An enclosure for a prismatic battery cell includes an enclosure body including sides, a lid portion, and a bottom portion. The enclosure body is made of steel. A layer is arranged on the enclosure body and includes a material having a higher thermal conductivity than the steel. The layer includes a coating layer or a clad layer.

Claims

1. An enclosure for a prismatic battery cell, comprising: an enclosure body including sides, a lid portion, and a bottom portion, wherein the enclosure body is made of steel; and a layer arranged on the enclosure body and including a material having a higher thermal conductivity than the steel.

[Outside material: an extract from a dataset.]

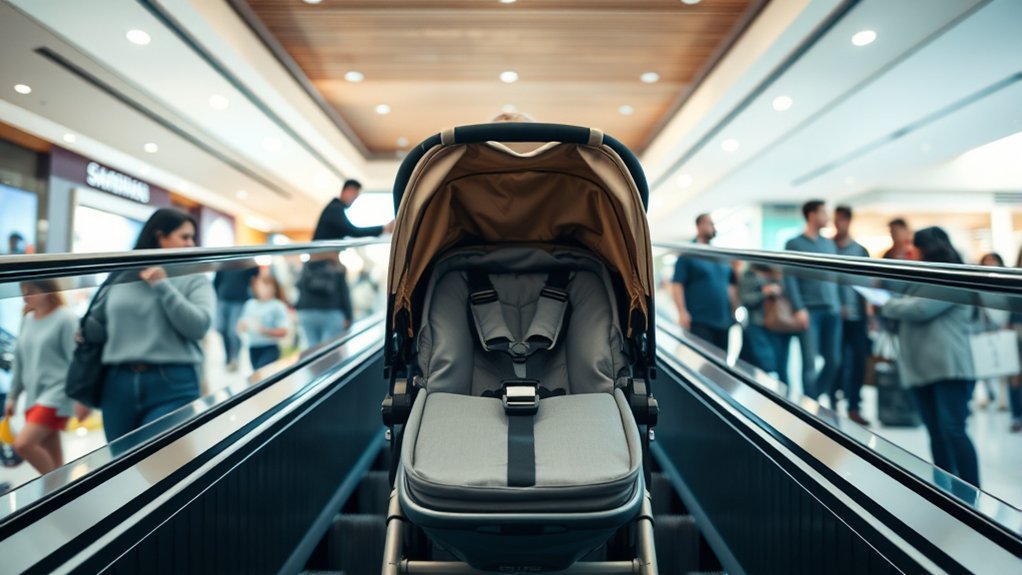 stroller safety on escalators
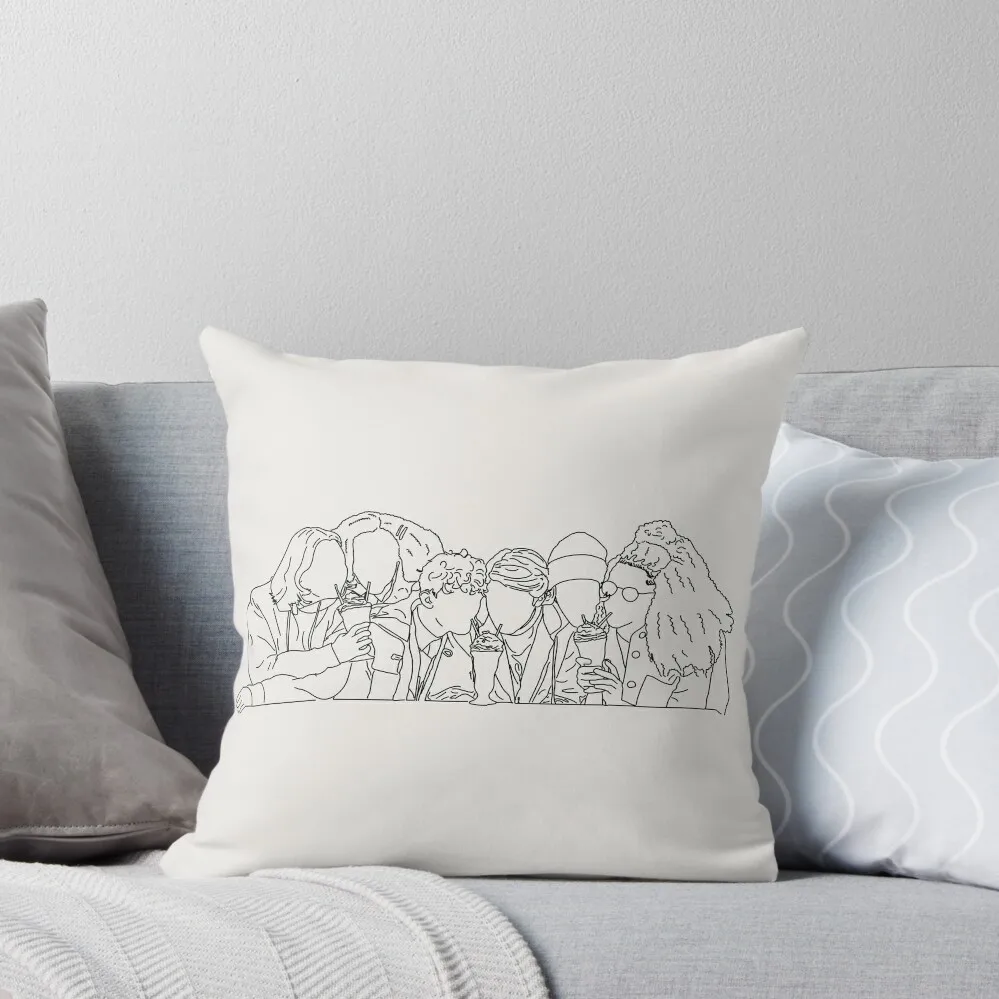 

heartstopper gang lineart Throw Pillow christmas supplies Christmas s Covers pillow pillowcase pillow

2. The enclosure of claim 1, wherein the layer includes a metallic or metallic alloy coating.

3. The enclosure of claim 2, wherein the metallic coating is selected from a group consisting of copper, copper-zinc (CuZn), zinc, and an aluminum alloy.

4. The enclosure of claim 3, wherein the aluminum alloy is selected from a group consisting of Al-6% Si and Al-55% Zn.

5. The enclosure of claim 3, wherein the metallic coating is applied using electroplating.

6. The enclosure of claim 3, wherein the metallic coating is applied using hot dipping.

7. The enclosure of claim 3, further comprising a nickel coating on the steel, wherein the metallic coating is applied on the nickel coating and the metallic coating is selected from a group consisting of copper, copper-zinc (CuZn), and zinc.

8. The enclosure of claim 1, wherein the layer includes a clad layer attached by adhesive to the enclosure body.

9. The enclosure of claim 8, wherein the clad layer includes copper.

10. The enclosure of claim 1, wherein the layer includes a ceramic coating selected from a group consisting of aluminum nitride (AlN), boron nitride (BN), and aluminum oxide (Al.sub.2O.sub.3).

11. The enclosure of claim 1, wherein a thickness of the steel is in a range from 0.2 mm to 0.8 mm.

12. The enclosure of claim 2, wherein a thickness of the metallic coating is in a range from 5 m to 100 m.

13. A system comprising the enclosure of claim 1 and further comprising: a thermal interface material in contact with at least one of the lid portion and the bottom portion of the enclosure; and a cooling plate in thermal contact with the thermal interface material.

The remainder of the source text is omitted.